What GAO Found
GAO reviewed six ships valued at $6.3 billion that had completed the post-delivery period, and found they were provided to the fleet with varying degrees of incomplete work and quality problems. GAO used three quality assurance metrics, identified by Navy program offices, to evaluate the completeness of the six ships—LPD 25, LHA 6, DDG 112, Littoral Combat Ships (LCS) 3 and 4, and SSN 782—at delivery and also at the time each ship was provided to the fleet. Although the Navy resolved many of the defects by the end of the post-delivery period, as the table below shows, quality problems persisted and work was incomplete when the selected ships were turned over to the operational fleet.
Number of Quality Problems or Defects at the Beginning and End of the Post-Delivery Period across Six Selected Ships
At the time the Navy provided the ship to the fleet
Significant construction deficiencies
Systems not meeting minimal functional standard
Significant deficiencies in mission-essential equipment
Source: GAO analysis of Navy documents and data. | GAO-17-418
aThis information is not evaluated at delivery
Fleet officials reported varying levels of concern with the overall quality and completeness of the ships, such as with unreliable equipment or a need for more intense maintenance than expected. For CVN 78 and DDG 1000, the Navy plans to complete significantly more work and testing during the post-delivery period than the other six ships GAO reviewed. As such, these ships are at a greater risk of being provided to the fleet at the end of their post-delivery periods with incomplete construction work and unknowns about quality.

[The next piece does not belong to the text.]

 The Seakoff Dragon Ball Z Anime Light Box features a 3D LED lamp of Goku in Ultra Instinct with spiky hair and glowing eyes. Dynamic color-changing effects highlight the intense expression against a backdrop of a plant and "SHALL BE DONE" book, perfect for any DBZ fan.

The Navy's ship delivery policy does not facilitate a process that provides complete and quality ships to the fleet and practices do not comport with policy. The policy emphasizes that ships should be defect-free and mission-capable, but lacks clarity regarding what defects should be corrected and by when. Without a clear policy, Navy program offices define their own standards of quality and completeness, which are not always consistent. Further, because the Navy's Board of Inspection and Survey (INSURV) does not inspect ships at the end of the post-delivery period, it is not in a position to verify each ship's readiness for the fleet, as required by Navy policy. The Navy has not assessed the costs and benefits of ensuring INSURV does this. Addressing these policy concerns would improve the likelihood of identifying and correcting deficiencies before fleet introduction and increase consistency in how the Navy defines quality.

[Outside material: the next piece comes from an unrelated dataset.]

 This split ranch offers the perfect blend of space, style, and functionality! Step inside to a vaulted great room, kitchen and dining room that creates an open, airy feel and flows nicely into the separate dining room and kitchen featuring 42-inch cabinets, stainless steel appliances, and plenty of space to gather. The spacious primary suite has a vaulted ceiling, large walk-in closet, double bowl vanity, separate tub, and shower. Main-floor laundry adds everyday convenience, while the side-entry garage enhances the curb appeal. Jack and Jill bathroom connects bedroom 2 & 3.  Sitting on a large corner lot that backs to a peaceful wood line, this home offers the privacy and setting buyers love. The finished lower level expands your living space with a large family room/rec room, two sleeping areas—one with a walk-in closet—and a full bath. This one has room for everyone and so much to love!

The Navy does not use consistent definitions for key milestones in its reports to Congress—such as delivery or Initial Operational Capability (IOC)—and, therefore, these milestones are not as informative as they could be regarding ship quality and completeness. For example, the Navy has routinely declared IOC on new ship classes without having demonstrated that ships are able to perform mission operations—contrary to Department of Defense (DOD) guidance, which, for nearly all acquisition models, generally states that IOC should be declared only after successful operational testing that demonstrates performance.
Why GAO Did This Study
The U.S. Navy spends at least $18 billion per year on shipbuilding—a portion of which is spent after ships are delivered. During the post-delivery period—after delivery from the shipbuilder and before the ships enter the fleet—Navy ships undergo a variety of tests, trials, and construction.
GAO was asked to assess the post-delivery period, including quality and completeness of ships when they are delivered to the fleet. The Senate Report on the National Defense Authorization Act for Fiscal Year 2017 included additional questions about ship status after delivery. This report assesses the extent to which the Navy (1) provides complete and quality ships to the fleet, (2) has a ship delivery policy that supports those efforts, and (3) reports ship quality and completeness to Congress. GAO reviewed a nongeneralizable sample of eight Navy ships, six of which have entered the fleet and two that recently began the post-delivery period. GAO reviewed program documentation and interviewed Navy officials.
What GAO Recommends
The Navy should revise its ship delivery policy to identify what kinds of defects should be corrected and by when and study how to best ensure that INSURV verifies ships. Also, the Navy should reflect in its reports to Congress key milestones and consistent definitions in line with DOD policy. DOD did not concur with two recommendations, partially concurred with a third, and fully agreed with a fourth. GAO stands by its recommendations, which will help ensure that complete and quality ships are provided to the fleet and that Congress is provided with meaningful information on ship status.